“In the early 1980s, David Seeto and I visited the Lindenberg car collection in Pittsworth.
Joyce Lindenberg told us that her husband was a photographer and showed us one of his cameras. She sent us to the back of an old shed . . . a former darkroom with an earthen floor covered with glass plates. As there was no electricity, we collected the plates by candlelight.
We took about 500 glass plates back to Brisbane. There was an urgent need to proof and to protect the glass plates. The process revealed the extent and quality of the collection.
It felt important, then and now, that the work of a fellow photographer should be preserved and brought to public attention. With a busy studio, I had little chance to do anything with them, but promised myself that once retired I would look at them.
Since Joyce Lindenberg had given us the plates, we believed wrongly for years that her husband was the man behind the camera. In fact, the photographer was Herbert John Pardey who rented space from the Lindenbergs.
Born in Hackney, England, in 1875, Pardey arrived in Victoria in 1895. He worked as a jackaroo before establishing a photographic business in Dungog, New South Wales. In 1900, he married Susan Crowell in Maitland and had two daughters. Alma passed away before her second birthday. Eileen was born in 1902.
Pardey’s poor health had already been the reason for his emigration and in 1907 he decided to move to Queensland for a climate more suited to his health. He chose Pittsworth and established his photography business there until 1917. The nature of country town photographer’s business was very broad. He was the recorder of the social and news events, weddings and portraits of the area. Pardey also did commercial work, including a contract to record the progress of the Millmerran-Pittsworth rail line.
Pardey shows a marked sense of originality when compared with other country photographers of the period. His strong visual language distinguished him from the stereotyped formality of the period and makes his images interesting and enjoyable.

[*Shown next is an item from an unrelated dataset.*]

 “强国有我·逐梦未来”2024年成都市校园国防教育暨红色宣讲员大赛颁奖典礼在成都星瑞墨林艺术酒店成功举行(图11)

This book contains personal choice of images with which I connect. The synchronicity goes further as one of the images is from a house and farm called Sunnyside in Southbrook and shows my wife, Katherine’s Grandmother and Great-Aunt, their parents, and the property.
Susan and Herbert Pardey had two sons in Pittsworth, George and Leonard.The family moved to Sydney in 1918. Herbert worked there for only 18 months with Harringtons Limited, a branch of Kodak. As his son, George said: “He was always wanted to be his own boss.” Herbert bought a studio in Cowra in 1920 and ran it until his death at the age of 57 in 1932. Eileen, George, and Leonard continued the business until the late 1980’s.
The Pittsworth collection has, after further research, expanded to 1050 glass plates, and has been digitised and shared.”